The socio-economic dimensions of racial inequality in South Africa: A social space perspective

Type Working Paper - ACEIR Working Paper Series
Title The socio-economic dimensions of racial inequality in South Africa: A social space perspective
Volume 10
Publication (Day/Month/Year) 2023
Page numbers 1-31
It is well evidenced that South Africa is characterised by extreme economic inequality. To complement the extensive body of work on the dynamics of vulnerability and poverty alleviation, this study aims to ‘turn the telescope’ (Savage 2021), using a sociological lens, onto the structuring of privilege in South Africa. The analysis we present is a first attempt to systematically map how stocks of economic, cultural, and social capital intersect to generate systematic and structural inequalities in the country, and to consider how far these are associated with fundamental racial divides.
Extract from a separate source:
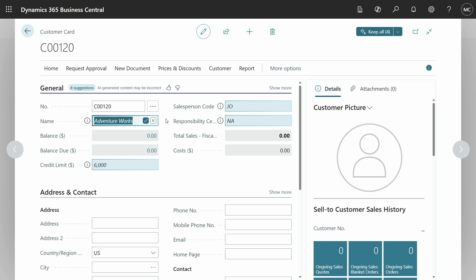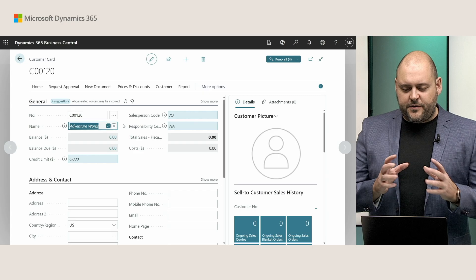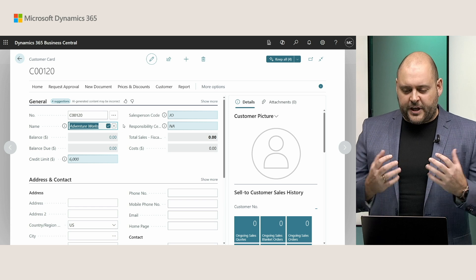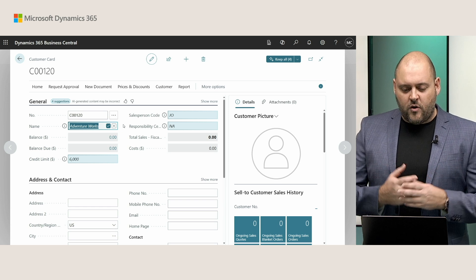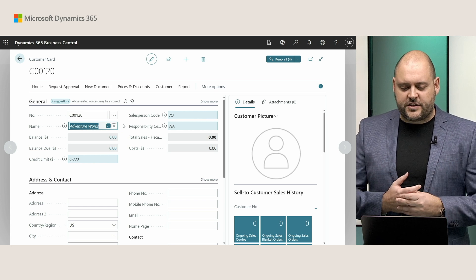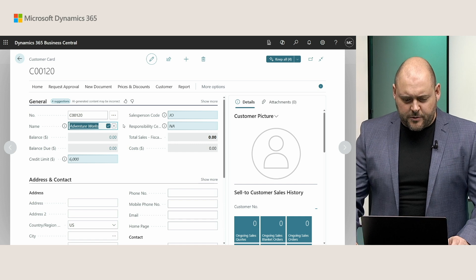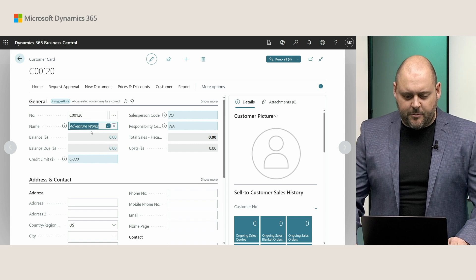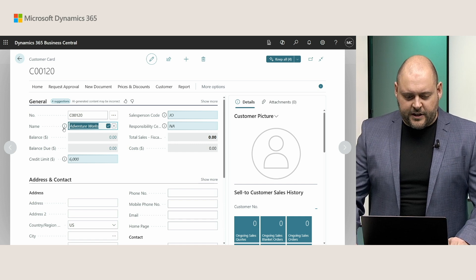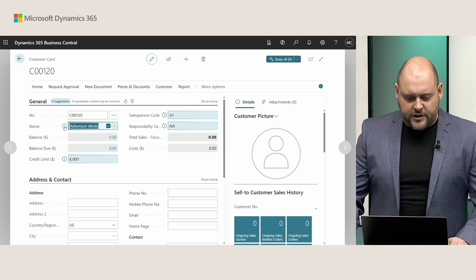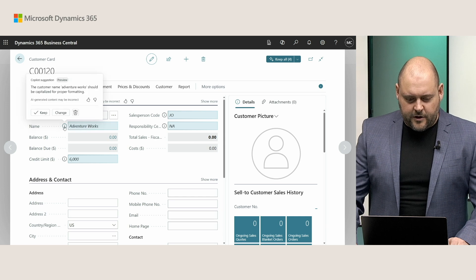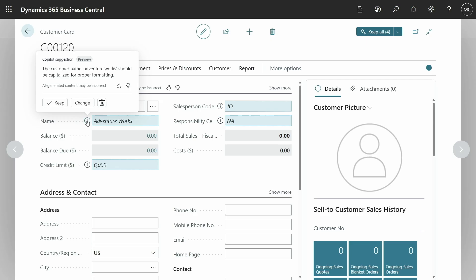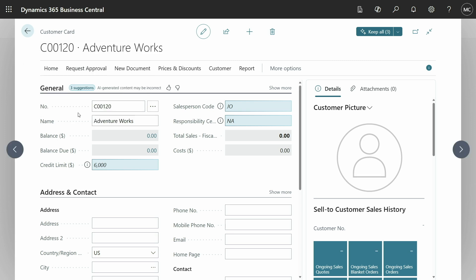As you can see, Copilot has done its work and has come back and has now got this very visually distinct way of communicating to me where it's provided suggestions within this fast tab. So, it's already corrected the name AdventureWorks by capitalizing it, and I can actually check right here what Copilot has done or where the suggestion comes from. Here it's simply capitalized for proper formatting. Fantastic. Let's keep that suggestion.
To achieve this, we utilise rich, nationally representative data from the National Income Dynamics Study and employ Geometric Data Analysis and Multiple Correspondence Analysis to construct a model of South African ‘social space’. Our findings reveal distinct features of South African social space. Firstly, the inheritor class reveals the intensely strong interplay between inequalities of economic and cultural capital. Secondly, there is some evidence that this homogeneity is associated with an enduring racialized divide. Thirdly, the size of the upwardly mobile class indicates that forms of middle-class privilege percolate well beyond a core of the 8% of the population that is white, suggesting fluidity and change in the South African social space. Finally, social capital is strongly delineated by age, with older respondents displaying on average higher levels of trust. Our cluster analysis reveals that trust levels increase with economic and cultural capital levels within
younger age groups and could therefore entrench social and racial divisions.